During a visit to the Castello di Ama winery in Tuscany, the chefs tasted this year’s vintage of extra virgin olive oils.

“Yes,” Chef Justin said with a smile, “olive oils have vintages. You could almost taste the leafiness. It’s like walking through the olive trees. When you smell the air, you can almost taste the flavor.”

An intimate pairing

In Italy, food and wine make the perfect marriage. So we were privileged to taste wines from the Bersano winery, lovingly presented by Erika Abate, the export manager. “We have 600 acres,” Abate said, “and have produced wine for a century. We are the biggest family-owned winery in the region.”

The most popular wine is the Gavi del Comune di Gavi, 2011. The Cortese grape which produces the Gavi means “gentle” in Italian, and it’s the perfect description of this delicate white wine.

Another standout, the Moscato D’Asti, is made with grapes that are as golden as the fields in the sun.
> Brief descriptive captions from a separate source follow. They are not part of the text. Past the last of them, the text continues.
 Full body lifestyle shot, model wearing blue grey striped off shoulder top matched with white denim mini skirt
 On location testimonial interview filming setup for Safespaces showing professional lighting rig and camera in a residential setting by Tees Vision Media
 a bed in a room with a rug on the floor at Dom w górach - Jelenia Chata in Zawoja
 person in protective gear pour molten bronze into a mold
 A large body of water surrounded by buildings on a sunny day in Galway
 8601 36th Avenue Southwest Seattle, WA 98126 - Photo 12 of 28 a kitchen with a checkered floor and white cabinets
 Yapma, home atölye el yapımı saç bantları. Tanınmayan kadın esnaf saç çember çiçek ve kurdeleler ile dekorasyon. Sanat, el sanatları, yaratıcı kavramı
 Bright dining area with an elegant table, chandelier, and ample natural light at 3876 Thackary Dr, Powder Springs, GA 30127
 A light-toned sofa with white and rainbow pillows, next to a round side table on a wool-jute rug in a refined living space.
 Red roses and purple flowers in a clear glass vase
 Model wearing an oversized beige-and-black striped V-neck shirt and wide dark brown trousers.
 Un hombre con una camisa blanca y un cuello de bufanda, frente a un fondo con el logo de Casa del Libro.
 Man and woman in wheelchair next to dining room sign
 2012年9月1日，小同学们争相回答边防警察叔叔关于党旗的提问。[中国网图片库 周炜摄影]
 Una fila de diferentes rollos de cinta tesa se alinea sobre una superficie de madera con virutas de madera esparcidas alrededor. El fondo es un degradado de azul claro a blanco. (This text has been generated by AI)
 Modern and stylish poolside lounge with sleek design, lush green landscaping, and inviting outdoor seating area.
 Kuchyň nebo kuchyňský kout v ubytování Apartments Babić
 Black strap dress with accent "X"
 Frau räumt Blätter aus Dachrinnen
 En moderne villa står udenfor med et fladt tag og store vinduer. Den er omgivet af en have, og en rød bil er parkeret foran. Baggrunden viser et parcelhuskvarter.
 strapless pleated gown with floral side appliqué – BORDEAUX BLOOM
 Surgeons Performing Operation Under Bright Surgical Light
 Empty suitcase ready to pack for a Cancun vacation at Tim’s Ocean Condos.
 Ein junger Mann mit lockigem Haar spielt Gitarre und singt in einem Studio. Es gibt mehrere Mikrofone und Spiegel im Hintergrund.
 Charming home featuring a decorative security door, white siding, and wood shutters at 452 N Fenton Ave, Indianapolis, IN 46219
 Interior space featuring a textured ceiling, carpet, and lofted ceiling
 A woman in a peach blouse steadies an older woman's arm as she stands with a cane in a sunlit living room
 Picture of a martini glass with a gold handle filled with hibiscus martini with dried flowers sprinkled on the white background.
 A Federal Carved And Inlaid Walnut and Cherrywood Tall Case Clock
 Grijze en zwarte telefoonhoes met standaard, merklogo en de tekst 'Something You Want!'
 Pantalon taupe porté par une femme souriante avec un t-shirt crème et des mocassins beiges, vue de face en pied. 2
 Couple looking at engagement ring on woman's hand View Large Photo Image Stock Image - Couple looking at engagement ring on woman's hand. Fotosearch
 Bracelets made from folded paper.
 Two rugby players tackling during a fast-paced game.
It’s naturally sweet and paired perfectly with one of our desserts, the Gianduiotto, a rich, dark chocolate roll.

A sneak peak at the Ristorante del Lago

Enter the soon-to-be completed Ristorante del Lago and you feel as though you’re stepping into a villa on Lake Como. The 19th-century recycled terra cotta tiles and mahogany wood beams offer a welcoming feel, while the glass walls showcase breathtaking views of the Broadmoor Lake.

In the glass-enclosed Salumi and Formaggio Aging Room, you see hams and cheeses from the farms and production facilities the chefs visited. You taste pizzas prepared as they have been for centuries in the five-and-a-half-foot deep wood-fired pizza oven and watch whole roasted chickens rotating on the show-stopping brass and silver rotisserie.

Each menu item reflects the true spirit of regional Italian cuisine–quality ingredients, simply prepared. And, as you sample the dishes, you can almost smell the fragrant olive trees and feel the warmth of the sun reflecting against the golden fields.